Aparece entonces en el corredor un señor vestido de negro de pies a cabeza. Manifiesta una cordialidad extraña y silenciosa, y una voz atiplada fingiendo sorpresa responde a las explicaciones que le ofrecen las hermanas guías. Pronto se queda a solas ante el ángel de Bécquer. O eso piensa él, porque de repente el aire se espesa y aquello, sencillamente, ya no se puede respirar. Una peste espantosa. ¿Volverán las oscuras golondrinas? Mejor que no, pues caerían muertas por el suelo. El señor de negro de la cabeza a los pies, reparando en la presencia de alguien con quien no contaba, disimula rebuscando entre los papelitos de la peana y extrae uno que, desdoblado, dice, entre otras cosas: Necesito un trago y que me hagas el amor. Y entonces el caballero, con una risita nerviosa, corre a desvanecerse por la esquina, tal y como había venido. Quizá temía que el ectoplasma de Cecilia Bohl de Faber, pues a tal fantasma se refiere la leyenda, se le manifestara abruptamente para afearle la liberalidad de sus esfínteres.
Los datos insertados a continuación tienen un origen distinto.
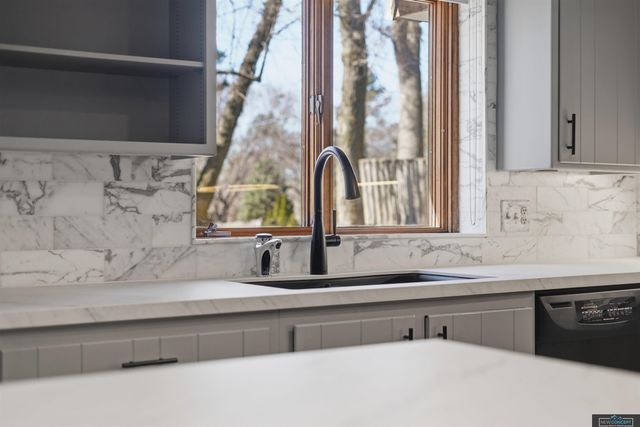 7803 Northshore Drive, Lincoln, NE 68516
Pero como se dijo, la identidad del espectro no es lo importante. Lo importante es, como diría Bécquer, lo solos que se quedan los muertos aquí en Sevilla. Quienes hayan visitado Londres habrán tenido ocasión de desmayarse de gozo ante el Rincón de los Poetas de la despampanante Abadía de Westminster, el templo más importante del país y lugar donde son coronados los reyes. Pues allí, en un espacio precioso repleto de estatuas y versos, no solo están las tumbas o los mausoleos de Dickens, Kipling, Tennyson, Haendel, Newton o las hermanas Brontë (acompañadas de ese precioso verso de Emily Jane, la de Cumbres borrascosas, que dice With courage to endure): es que, además, está enterrado el mismísimo Charles Darwin, quien con sus hallazgos sobre la evolución de las especies conmocionó la fe como nunca nada lo hiciera. Y yace allí, en la abadía, en suelo sagrado, honrado por la propia religión. Londres.
Aquí, en Sevilla, para encontrar la entrada al Panteón de Sevillanos Ilustres hay que preguntar en información de la Facultad de Bellas Artes, porque la cosa está liosa. Al final, se accede atravesando una cancela que da a docenas de sillas apiladas y por donde no hay sitio para que pasen dos personas a la vez. Y entonces empiezan los diecinueve escalones que llevan a esta cripta de los años setenta, sosa como ella sola, donde Bécquer muere dos veces, por muerte y por olvido. Ni courage ni endure, Emily Brontë: el muerto al hoyo. Bienvenida a Sevilla.